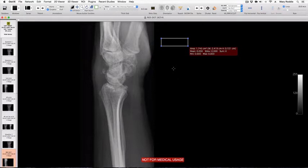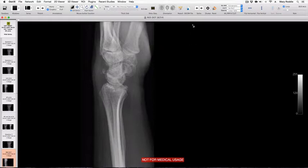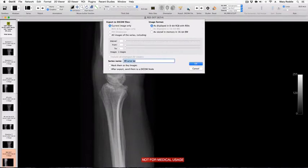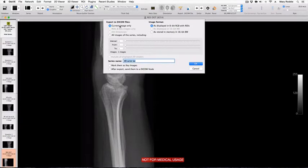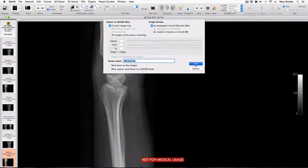To get rid of the white box, simply backspace. We can now export this as a new DICOM file, current image only, as displayed in 8-bit RGB with ROIs and called X-ray wrist lateral.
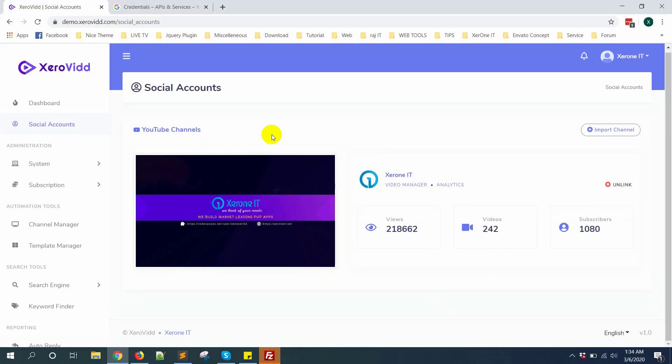So this is how you can import your channel. In the next video I will show you how to submit for approval and some other steps that you will need for the approval process. Thank you very much.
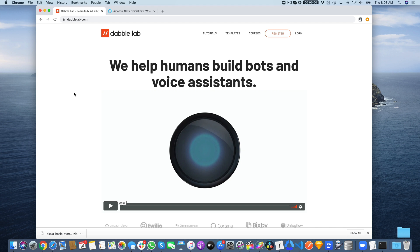This is Steve with DabbleLab, and in this tutorial, I'm going to show you how to create an Alexa skill that calls a remote API using a DabbleLab Alexa skill template.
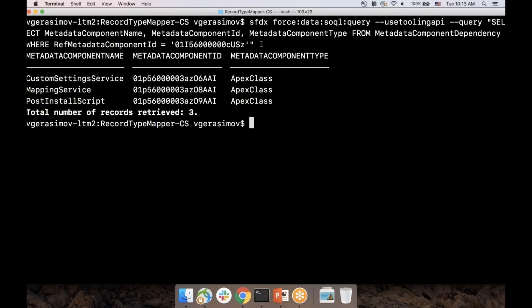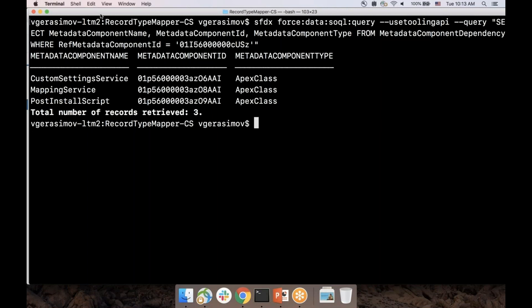Here it is — pretty quick as well. Let me adjust so you can see it. You can see that the custom setting is actually referenced by three different Apex classes. This is a good start — now I know that in order to replace that custom setting with a custom metadata type, I would need to go to at least those three Apex classes, make the necessary changes, and update them.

_Directions for this task_. Everything in the material must be duplicated exactly, except the pictures.

_Task response_.
To get rid of the white box, simply backspace. We can now export this as a new DICOM file, current image only, as displayed in 8-bit RGB with ROIs and called X-ray wrist lateral.
So this is how you can import your channel. In the next video I will show you how to submit for approval and some other steps that you will need for the approval process. Thank you very much.
This is Steve with DabbleLab, and in this tutorial, I'm going to show you how to create an Alexa skill that calls a remote API using a DabbleLab Alexa skill template.
Here it is — pretty quick as well. Let me adjust so you can see it. You can see that the custom setting is actually referenced by three different Apex classes. This is a good start — now I know that in order to replace that custom setting with a custom metadata type, I would need to go to at least those three Apex classes, make the necessary changes, and update them.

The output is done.